You can certainly ask if they will keep the puppy for another week. They might say no, they might ask for a boarding fee, or they might say no problem. I don't know if staying with Mom but no littermates benefits sociliazation, but you might ask if all the other puppies will be picked up on the same day. At the very least I know some airlines won't fly puppies under 8 weeks, so if your litter has some puppies flying to their new home, yours would have siblings around for the extra time.


----------



## Ozkar (Jul 4, 2011)

the pup is now yours, there is no point argueing the where's and why fors of when a pup should leave a litter and talking to other owners etc.,,

At the end of the day, I have had pups from both ends of hte spectrum. ones at 5 weeks and other at 12. My ideal time is 8-9 weeks. But, I wouldn't get all hung up on ruining your pup just because he was weened early.

I would certainly ask the breeder if the pup could stay till 8 weeks if possible. Sure, it misses out on sibling interaction if the other pups are all gone, but it also gains an additional two weeks of mum teaching it things. And let me tell you, mums are way better at teaching pups than we are. After all, would you follow your pup around and lick it's bits till it weed or pood? Then mop up any spills on the floor? 

However it turns out, I wish you all the best with your pup and hope he/she is healthy and turns out to be the best family member you could hope for. Oh...and one last thing.....don't let me hear of you telling me that pup sleeps outside. I'm likely to hop on a plane and come over and give you a right good spanking!! They are family members OK!!!!


----------



## ringo (Jan 22, 2012)

I took my willow home at 7 weeks, she's now 10 weeks and perfect in everyway. ;D shes changed so much in 3 weeks its amazing


----------



## Aimless1 (Sep 25, 2011)

Ozkar said:


> the pup is now yours,



Ohohraptor put down a deposit but the pup is not his until he accepts it. He can change his mind and decline the pup at any time until he brings it home. Depending on the guarantee, he may have further rights to decline the pup. He may or may not lose the deposit (typically $100 US).
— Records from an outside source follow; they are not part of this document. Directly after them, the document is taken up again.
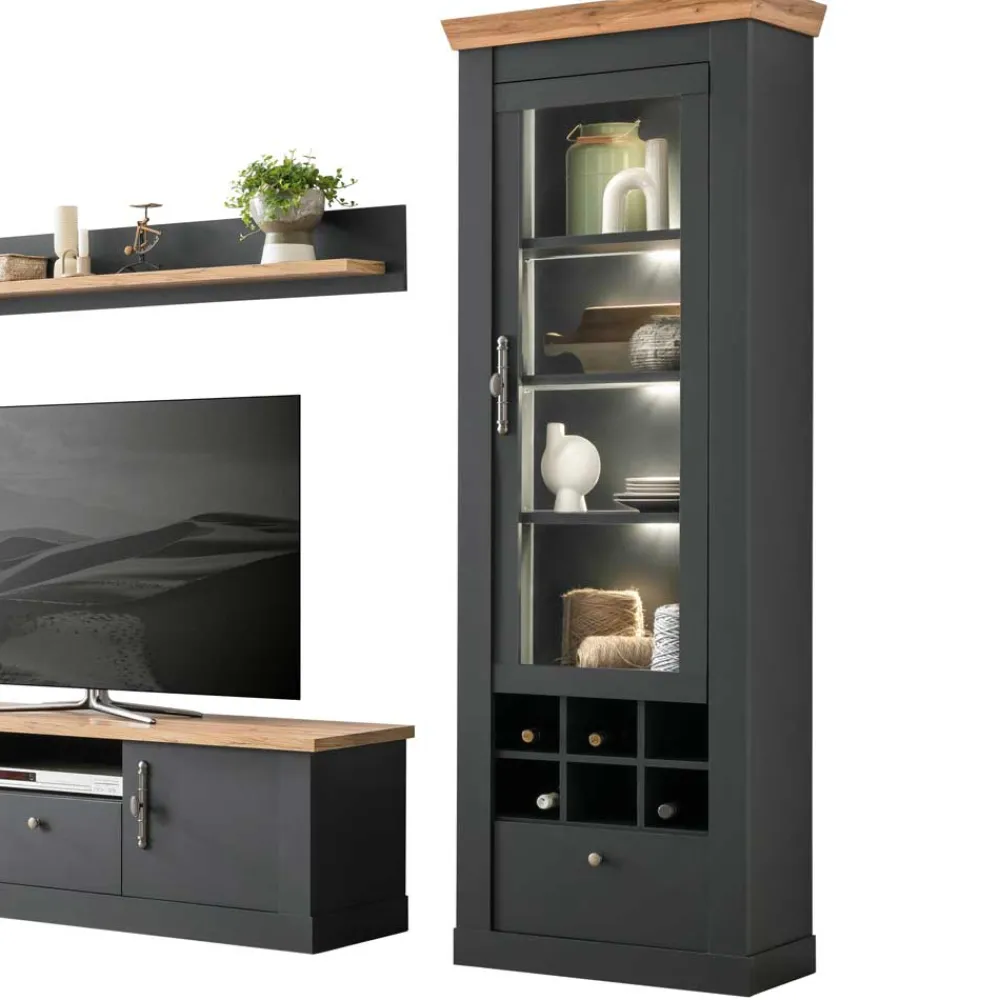 Wohnen Wohnzimmer Wohnwand - Landhaus modern - Lionel (vierteilig)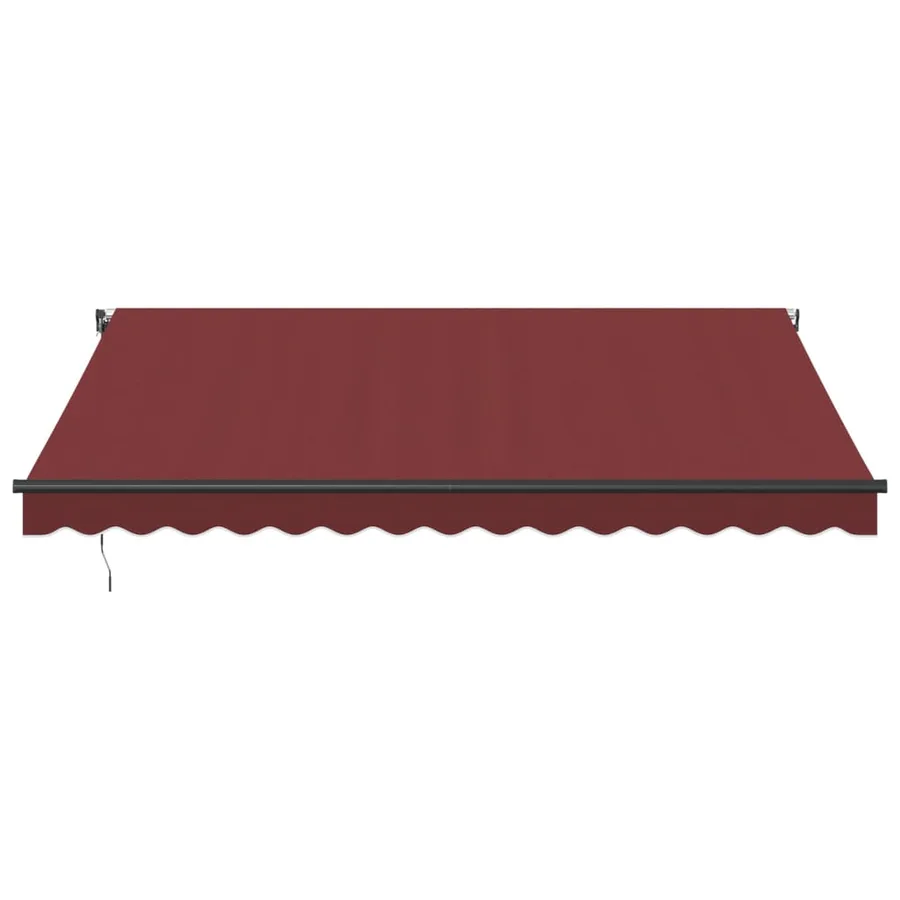 Auvent rétractable automatique bordeaux 400x350 cm - 3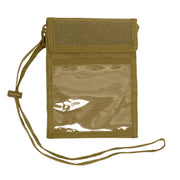 Funda desplegable DELUXE para documentos e identificación COYOTE, colgante de cuello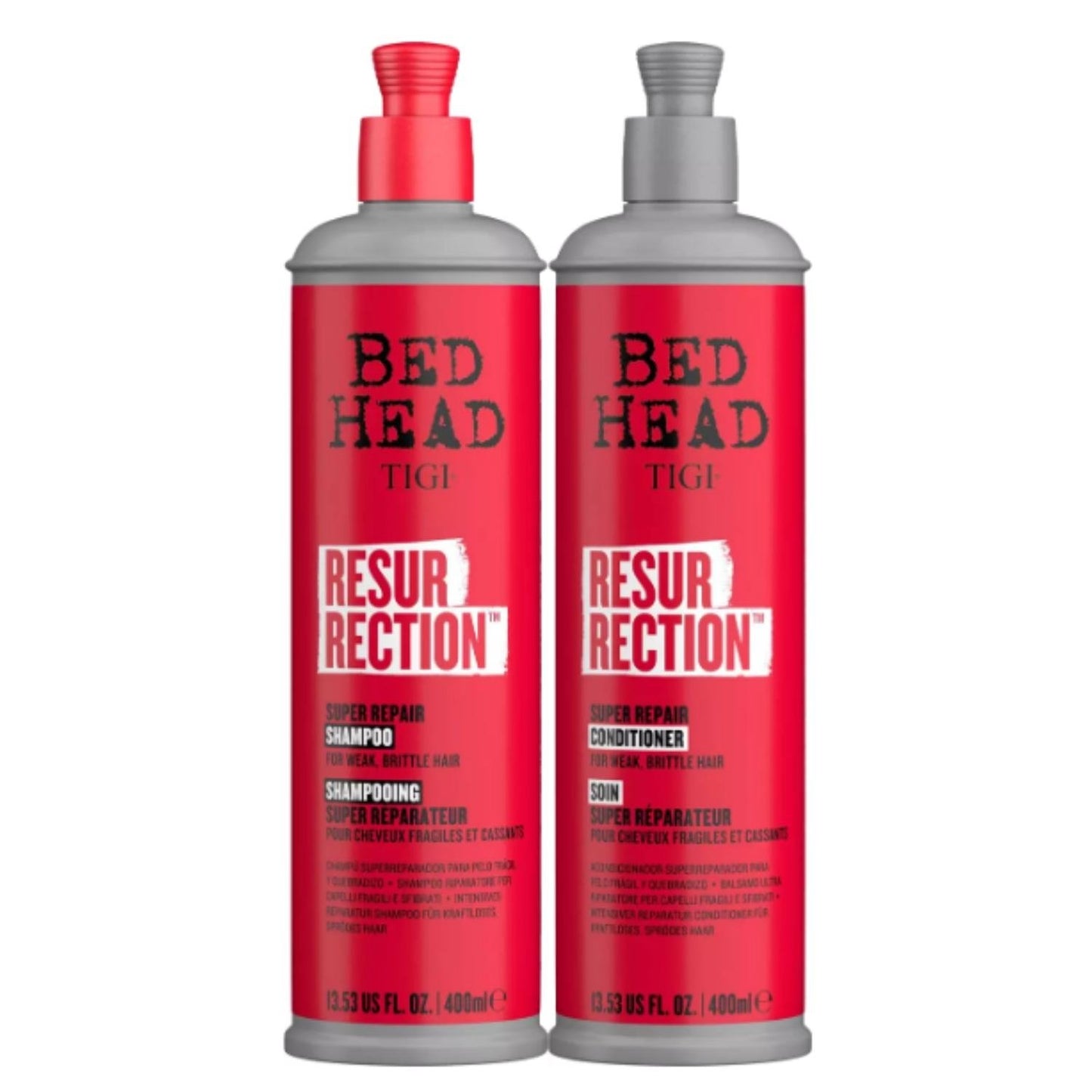 TIGI Bed Head Resurrection Schampo & Balsam 2x400ml – För skadat och slitet hår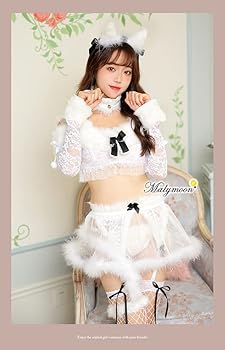 Amazon.co.jp: [Malymoon] ハロウィン ねこ キャット 白猫 黒猫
Although I personally agree that waiting until they are about 10 weeks is best, I relented and brought Nitro home at 8 weeks. This did not prove to be a deal breaker with the breeder who still disagrees with me. She is a member of the 49 day club. She gladly kept Nitro an extra week Alls well that ends well

The real problem is there is not good science behind any of this. Different studies have shown different things. Probably no financial incentive for any one to do a well run study to help settle this discussion of the right age to bring a pup home.


----------



## Ozkar (Jul 4, 2011)

A1, I was more refering to the emotional attachements more than the lagalities of the situation


----------



## Aimless1 (Sep 25, 2011)

I must be wired differently. Until I actually see the puppy and he/she passes muster, I really don't have any attachment. Excited? sure. Attached? Not on your life. If Nitro had been "defective" I would have passed in a heart beat.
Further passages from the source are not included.